**TASK ITEM:** From the listing below, please restate exactly the lines beginning at the one with "2026 Mercedes-Benz GLC — photo 10 view" and ending at the one with "theres no videos", both included, and skip the pictures.

**DATA FOR PROCESSING:**

/---

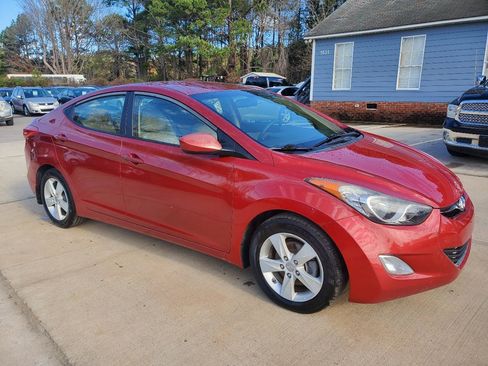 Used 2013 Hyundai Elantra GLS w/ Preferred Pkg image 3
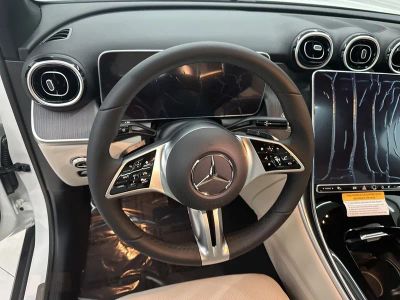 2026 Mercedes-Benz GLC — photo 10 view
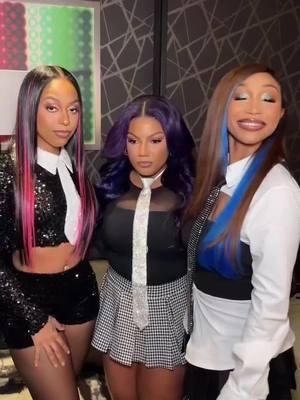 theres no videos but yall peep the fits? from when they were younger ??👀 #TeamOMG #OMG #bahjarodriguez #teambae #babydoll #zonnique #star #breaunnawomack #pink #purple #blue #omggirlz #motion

\---
/---

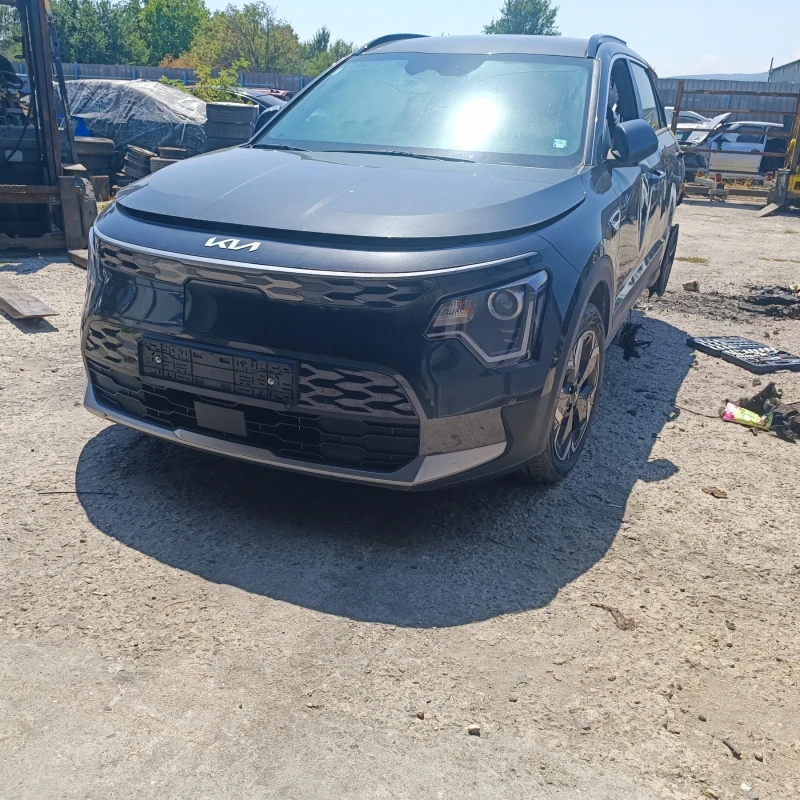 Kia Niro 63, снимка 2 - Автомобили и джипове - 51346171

\---

**ANSWER TO THE PROBLEM:**
 2026 Mercedes-Benz GLC — photo 10 view
 theres no videos but yall peep the fits? from when they were younger ??👀 #TeamOMG #OMG #bahjarodriguez #teambae #babydoll #zonnique #star #breaunnawomack #pink #purple #blue #omggirlz #motion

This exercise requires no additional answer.